The final step is to configure dnsmasq so you can obtain an IP address from your new Pi-Point. Edit your /etc/dnsmasq.conf file to look like this: 

# Never forward plain names (without a dot or domain part)
domain-needed

# Only listen for DHCP on wlan0
interface=wlan0

# create a domain if you want, comment it out otherwise
#domain=Pi-Point.co.uk

# Create a dhcp range on your /24 wlan0 network with 12 hour lease time
dhcp-range=192.168.1.5,192.168.1.254,255.255.255.0,12h

# Send an empty WPAD option. This may be REQUIRED to get windows 7 to behave.
#dhcp-option=252,"\n"


Remember to change the dhcp-range option for the network IP range you're using. If you're having problems with Windows7 machines then try uncommenting the last line. Restart dnsmasq by typing service dnsmasq restart for the configuration to take effect. Now you should be able to connect to your new Pi-Point and get a proper IP address from it. 

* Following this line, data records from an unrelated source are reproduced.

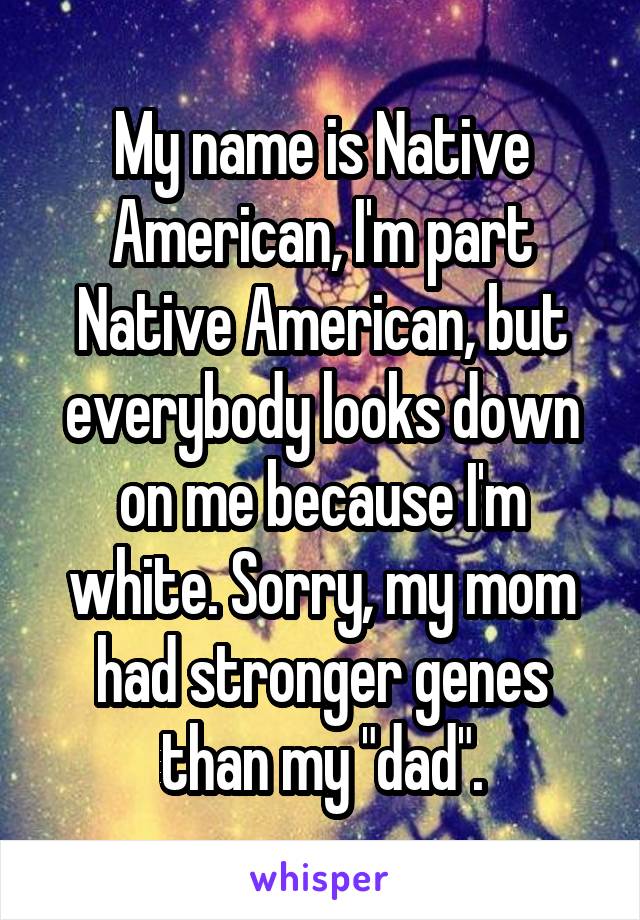 My name is Native American, I'm part Native American, but everybody looks down on me because I'm white. Sorry, my mom had stronger genes than my "dad".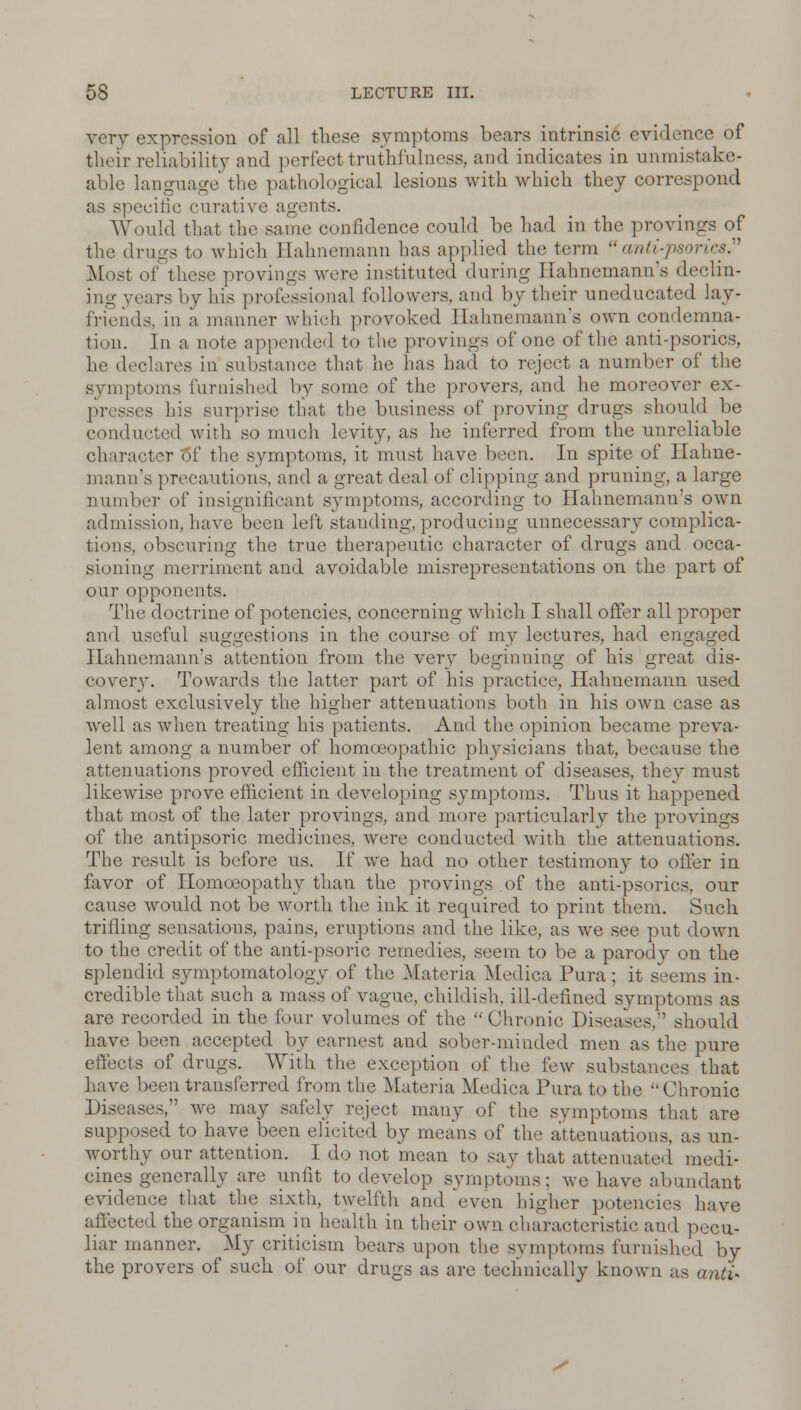 very expression of all these symptoms bears intrinsic evidence of their reliability and perfect truthfulness, and indicates in unmistake- able language the pathological lesions with which they correspond ■cine curative agents. Would that the same confidence could be had in the provings of the drugs to which Hahnemann has applied the term  anti-psorics. Most of these provings were instituted during Hahnemann's declin- ing years by his professional followers, and by their uneducated lay- friends, in a manner which provoked Hahnemann's own condemna- tion. In a note appended to the provings of one of the anti-psorics, he declares in substance that he has had to reject a number of the symptoms furnished by some of the provers, and he moreover ex- presses his surprise that the business of proving drugs should be conducted with so much levity, as he inferred from the unreliable character of the symptoms, it must have been. In spite of Hahne- mann's precautions, and a great deal of clipping and pruning, a large number of insignificant symptoms, according to Hahnemann's own admission, have been left standing, producing unnecessary complica- tions, obscuring the true therapeutic character of drugs and occa- sioning merriment and avoidable misrepresentations on the part of our opponents. The doctrine of potencies, concerning which I shall offer all proper and useful suggestions in the course of my lectures, had engaged Hahnemann's attention from the very beginning of his great dis- covery. Towards the latter part of his practice, Hahnemann used almost exclusively the higher attenuations both in his own case as wrell as when treating his patients. And the opinion became preva- lent among a number of homoeopathic physicians that, because the attenuations proved efficient in the treatment of diseases, they must likewise prove efficient in developing symptoms. Thus it happened that most of the later provings, and more particularly the provings of the antipsoric medicines, were conducted with the attenuations. The result is before us. If we had no other testimony to offer in favor of Homoeopathy than the provings of the anti-psorics, our cause would not be worth the ink it required to print them. Such trifling sensations, pains, eruptions and the like, as wre see put down to the credit of the anti-psoric remedies, seem to be a parody on the splendid symptomatology of the Materia Medica Pura; it seems in- credible that such a mass of vague, childish, ill-defined symptoms as are recorded in the four volumes of the  Chronic Diseases, should have been accepted by earnest and sober-minded men as the pure effects of drugs. With the exception of the few substances that have been transferred from the Materia Medica Pura to the Chronic Diseases, we may safely reject many of the symptoms that are supposed to have been elicited by means of the attenuations, as un- worthy our attention. I do not mean to say that attenuated medi- cines generally are unfit to develop symptoms; we have abundant evidence that the sixth, twelfth and even higher potencies have affected the organism in health in their own characteristic and pecu- liar manner. My criticism bears upon the symptoms furnished by the provers of such of our drugs as are technically known as anti*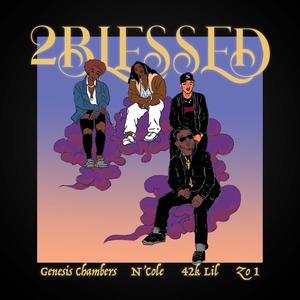 2BLESSED (feat. Genesis Chambers, N'Cole, Zo1 & 42k Lil) (Explicit)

Although we're not running the pi-point software, we had a working wifi access point, so we just picked things up from there. We changed the ip range to match the one we used while following the Adafruit guide and - amazingly - the access point started working!



The connection process takes just seconds, each device is correctly given it's own IP address from the DHCP server running on the Raspberry Pi. Since we set up the Pi with a static IP address of 192.168.42.1, even the ping request from our Windows laptop worked!




So now we've got our AP working on a Pi, we're going to have to learn how to respond to incoming connection requests from apps running on our devices, and how to process them to make meaningful stuff happen. It's only a small step so far, but quite a significant one!